Yes — we have plunked a bunch of money into the coach — the biggest expense for us was adding solar panels and more batteries, and replacing the small sofa with a recliner. But for the most part we haven’t changed the insides. Even the micro/conv oven that we have to replace we opted for one as much like the original as possible.
At some point in the future we’ll have two projects to do internally. The carpet will have to come out at some point. Our throw rugs disguise the worst of the soiling but after 11 years they’re just showing their age. Peggy has also started worrying about the upholstery on our driver’s seat. It’s nothing that needs doing right now — but with pulled seams and a couple spots of deteriorated faux leather the writing is on the wall…. or should I say on the seats. At some point we’ll have to do more than think about them. And yes, we replaced the mattress with the Sleep Number bed — that was a physical improvement but you don’t ’see’ anything different.
Things like the Satellite receiver that just died — are to be expected. Living in an RV is not a light duty experience. Things have to be well constructed and well designed to survive all the bouncing and banging they get going down the road. And things you take for granted in a sticks & bricks home you can’t take for granted on the road.
Electricity for example. From time to time we find we have no power; or that the power is unreliable. I shared with you while we were on the Forest that the 50 amp service was seriously unbalanced; the voltage on the two legs varied by almost 20% Not good. And when the power goes out it’s not all that uncommon for the outage to be accompanied by a voltage spike. electronic components don’t like those. I protect some of my electronics on the other side of a uninterruptible power supply but still, stuff happens.
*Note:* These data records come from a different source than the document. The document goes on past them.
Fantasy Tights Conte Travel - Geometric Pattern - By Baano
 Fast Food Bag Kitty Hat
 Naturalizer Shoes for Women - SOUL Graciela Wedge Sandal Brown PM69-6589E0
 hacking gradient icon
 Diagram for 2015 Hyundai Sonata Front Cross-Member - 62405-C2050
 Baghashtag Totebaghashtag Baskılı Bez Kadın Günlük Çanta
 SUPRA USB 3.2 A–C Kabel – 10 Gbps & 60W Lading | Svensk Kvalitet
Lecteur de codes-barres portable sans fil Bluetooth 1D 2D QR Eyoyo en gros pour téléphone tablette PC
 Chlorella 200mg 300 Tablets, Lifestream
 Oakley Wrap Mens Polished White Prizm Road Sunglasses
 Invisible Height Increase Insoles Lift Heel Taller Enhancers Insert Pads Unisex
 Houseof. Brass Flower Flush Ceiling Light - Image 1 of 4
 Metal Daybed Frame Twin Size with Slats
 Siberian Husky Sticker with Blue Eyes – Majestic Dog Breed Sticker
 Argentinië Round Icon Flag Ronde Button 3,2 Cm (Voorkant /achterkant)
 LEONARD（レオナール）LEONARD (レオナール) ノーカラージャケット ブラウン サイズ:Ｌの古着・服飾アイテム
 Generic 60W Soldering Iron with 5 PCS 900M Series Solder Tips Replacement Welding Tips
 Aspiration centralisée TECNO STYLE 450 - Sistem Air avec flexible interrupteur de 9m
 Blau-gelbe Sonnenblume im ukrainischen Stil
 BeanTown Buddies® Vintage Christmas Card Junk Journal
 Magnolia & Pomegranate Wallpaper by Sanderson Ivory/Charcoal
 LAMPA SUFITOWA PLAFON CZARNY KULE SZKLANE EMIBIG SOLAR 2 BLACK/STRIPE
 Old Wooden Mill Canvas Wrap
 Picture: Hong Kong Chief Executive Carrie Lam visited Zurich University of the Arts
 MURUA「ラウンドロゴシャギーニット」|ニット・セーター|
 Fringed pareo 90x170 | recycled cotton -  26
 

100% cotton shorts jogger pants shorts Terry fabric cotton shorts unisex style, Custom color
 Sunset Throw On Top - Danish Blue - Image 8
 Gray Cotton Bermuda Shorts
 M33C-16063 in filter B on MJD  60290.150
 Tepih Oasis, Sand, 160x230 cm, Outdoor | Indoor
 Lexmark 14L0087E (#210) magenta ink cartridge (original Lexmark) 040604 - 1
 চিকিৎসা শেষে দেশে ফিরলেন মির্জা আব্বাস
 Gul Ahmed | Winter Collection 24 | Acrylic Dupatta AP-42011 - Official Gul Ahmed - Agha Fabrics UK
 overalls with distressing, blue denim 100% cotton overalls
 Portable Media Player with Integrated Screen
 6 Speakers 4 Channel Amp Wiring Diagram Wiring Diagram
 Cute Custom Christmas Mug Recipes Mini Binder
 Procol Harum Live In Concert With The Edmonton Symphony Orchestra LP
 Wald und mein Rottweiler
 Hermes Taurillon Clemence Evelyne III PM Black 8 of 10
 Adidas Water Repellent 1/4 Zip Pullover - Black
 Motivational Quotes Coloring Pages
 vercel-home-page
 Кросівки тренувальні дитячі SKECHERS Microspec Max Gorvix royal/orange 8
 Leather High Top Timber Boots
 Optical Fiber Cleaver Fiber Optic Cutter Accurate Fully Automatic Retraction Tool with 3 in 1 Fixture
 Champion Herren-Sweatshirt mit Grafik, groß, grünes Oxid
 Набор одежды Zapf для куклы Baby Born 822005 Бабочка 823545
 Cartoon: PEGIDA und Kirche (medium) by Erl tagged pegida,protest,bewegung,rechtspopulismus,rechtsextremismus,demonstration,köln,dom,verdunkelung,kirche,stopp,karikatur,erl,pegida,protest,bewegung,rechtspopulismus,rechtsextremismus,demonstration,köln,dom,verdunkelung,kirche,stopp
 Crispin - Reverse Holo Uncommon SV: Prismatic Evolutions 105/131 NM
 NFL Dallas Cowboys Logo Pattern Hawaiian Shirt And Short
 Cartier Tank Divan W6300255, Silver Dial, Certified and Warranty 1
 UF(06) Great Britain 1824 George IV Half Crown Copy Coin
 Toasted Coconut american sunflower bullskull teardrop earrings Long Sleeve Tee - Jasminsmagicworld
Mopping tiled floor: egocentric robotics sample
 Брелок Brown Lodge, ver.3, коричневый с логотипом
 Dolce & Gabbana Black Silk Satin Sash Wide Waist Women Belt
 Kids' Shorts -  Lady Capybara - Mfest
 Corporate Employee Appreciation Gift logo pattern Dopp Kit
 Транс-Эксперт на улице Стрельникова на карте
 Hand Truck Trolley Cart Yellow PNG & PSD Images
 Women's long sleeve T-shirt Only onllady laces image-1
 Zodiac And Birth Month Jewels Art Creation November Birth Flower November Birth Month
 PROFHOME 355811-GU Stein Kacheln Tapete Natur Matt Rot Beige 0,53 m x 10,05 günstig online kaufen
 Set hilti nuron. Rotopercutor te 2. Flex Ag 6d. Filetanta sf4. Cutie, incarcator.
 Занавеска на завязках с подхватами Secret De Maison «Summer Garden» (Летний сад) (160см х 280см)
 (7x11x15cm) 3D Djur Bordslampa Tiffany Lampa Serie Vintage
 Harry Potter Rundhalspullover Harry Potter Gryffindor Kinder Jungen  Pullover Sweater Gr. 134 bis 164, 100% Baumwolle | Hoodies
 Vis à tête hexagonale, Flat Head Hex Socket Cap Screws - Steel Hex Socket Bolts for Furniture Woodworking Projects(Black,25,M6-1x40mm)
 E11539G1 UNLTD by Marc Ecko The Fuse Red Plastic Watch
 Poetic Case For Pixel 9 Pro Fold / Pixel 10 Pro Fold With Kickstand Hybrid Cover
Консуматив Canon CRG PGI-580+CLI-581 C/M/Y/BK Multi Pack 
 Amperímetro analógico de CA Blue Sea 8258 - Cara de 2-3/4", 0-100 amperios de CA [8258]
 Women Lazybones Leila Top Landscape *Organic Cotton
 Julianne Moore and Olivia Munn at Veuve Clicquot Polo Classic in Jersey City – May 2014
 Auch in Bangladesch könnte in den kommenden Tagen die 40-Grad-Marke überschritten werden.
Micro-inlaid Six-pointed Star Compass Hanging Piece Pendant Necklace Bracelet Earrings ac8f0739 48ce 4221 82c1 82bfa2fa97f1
RV’ing has been a really good way of forcing my brain to stay on top of ‘things.’ It keeps me alert to changes — in our equipment and in ourselves. It forces me to look for solutions. Often to problems I didn’t know I had. Until something changed.
This isn’t the life for everyone. But for those of us who love it it’s exhilarating, it’s challenging, it’s maddening, and it’s wonderful.
Thanks for stopping by, and I’ll talk with you tomorrow.